The report explained:
“Officials said the decision to use the already existing intelligence channel was more a facet of Pompeo's current status as CIA director as he awaits confirmation as secretary of state than a reflection of the content of the discussions. Pompeo is expected to begin the process of Senate confirmation in the next several weeks.
One of Trump's most trusted national security advisers, Pompeo has led efforts to prepare for the summit, which Trump has pressed his aides to organize. If he confirmed, he will assume oversight of the diplomatic preparations.
As recently as this weekend, Trump told associates he was looking forward to the summit, which he agreed to on the spot when presented the invitation from Kim. The timeline, however, remains unknown. Officials said the current target is late May or even June.”
Trump has been sharing sporadic updates during the last couple weeks on Twitter.
However, what many have been concerned about—including Madeleine Albright, the former secretary of state who served for President Bill Clinton—is that not enough preparation will go into the meeting. Albright traveled to North Korea in 2000 to meet with Kim Jong Il.
“The Clinton Administration, we had had a number of iterations dealing with the North Koreans in terms of trying to get them to give up their nuclear potential and try to deal with them on what they had issues with, their missiles and missile limits,” Albright shared in a recent interview with Terry Gross on “Fresh Air." “What happened was that because we had no representation in North Korea, we really relied on our intelligence systems and our friends, and we worked incredibly hard to get ready for it. It took a very long time.”
Albright said she’s “very worried” about a “haphazard” approach to the Trump-Kim Jong Un meeting.
“It’s a combination of lack of preparation, lack of personnel, and a president who is kind of going in a different direction every other day,” she added. “I think it’s a dangerous situation, it’s a dangerous situation if we don’t have diplomatic talks but it’s also a dangerous in terms of the back and forth.”

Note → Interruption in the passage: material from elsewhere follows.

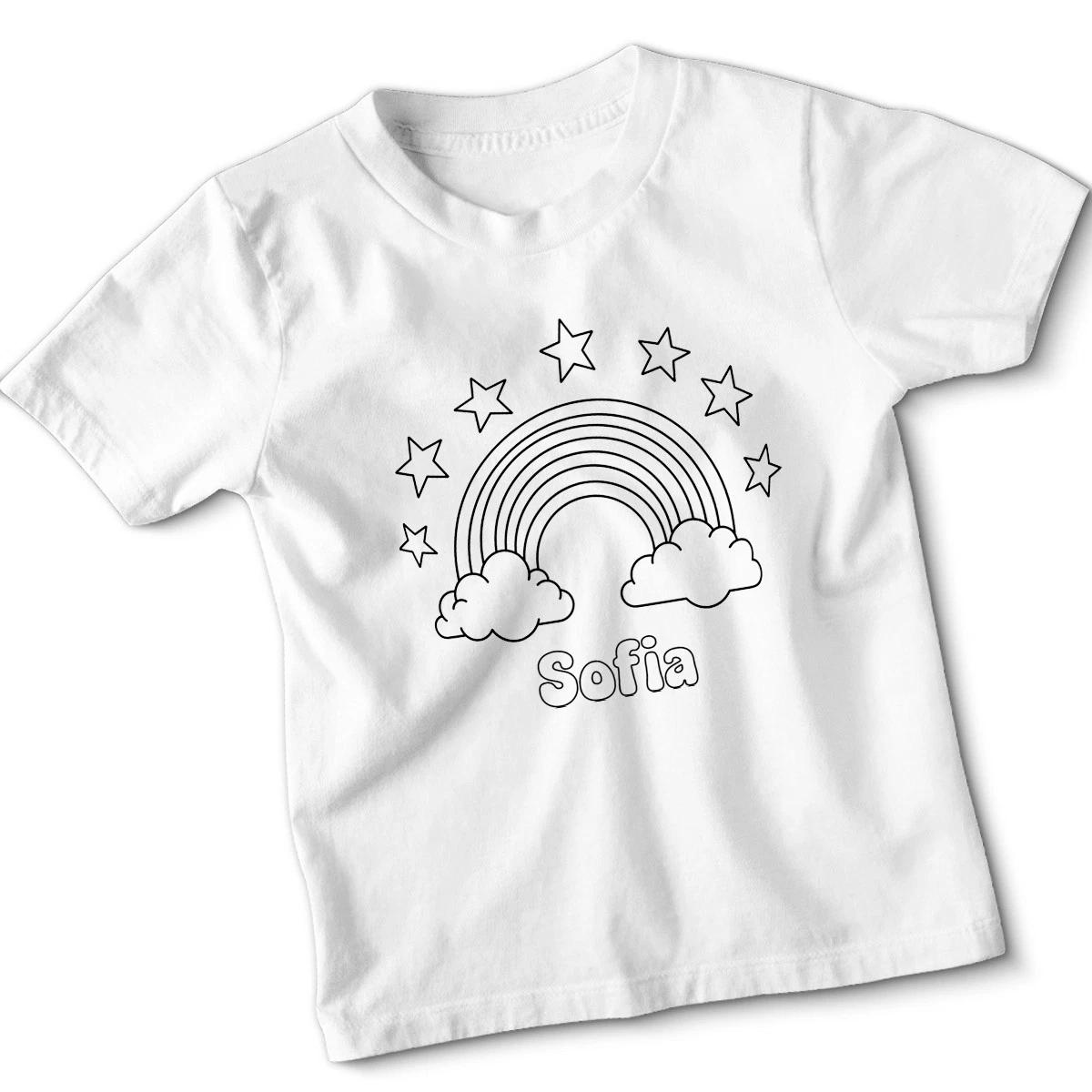 Personalised Name Custom Rainbow Kids T-Shirt Childrens Tee 120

Alex Bell, the Senior Policy Director at the Center for Arms Control & Non-Proliferation, told Salon when news first surfaced about the meeting, that it was wise to remain cautious.
“There’s not a lot of reason to trust the North Koreans based on our previous experiences with them,” said Bell, who was also the Director for Strategic Outreach in the Office of the Under Secretary for Arms Control and International Security at the State Department under the Obama Administration.
She also added that the process to obtaining a denuclearization deal with North Korea would be extremely complicated and tedious.
“This is highly technical if we are actually talking about dismantling the North Korean nuclear program,” Bell added. “It would be the Iran deal times one hundred.”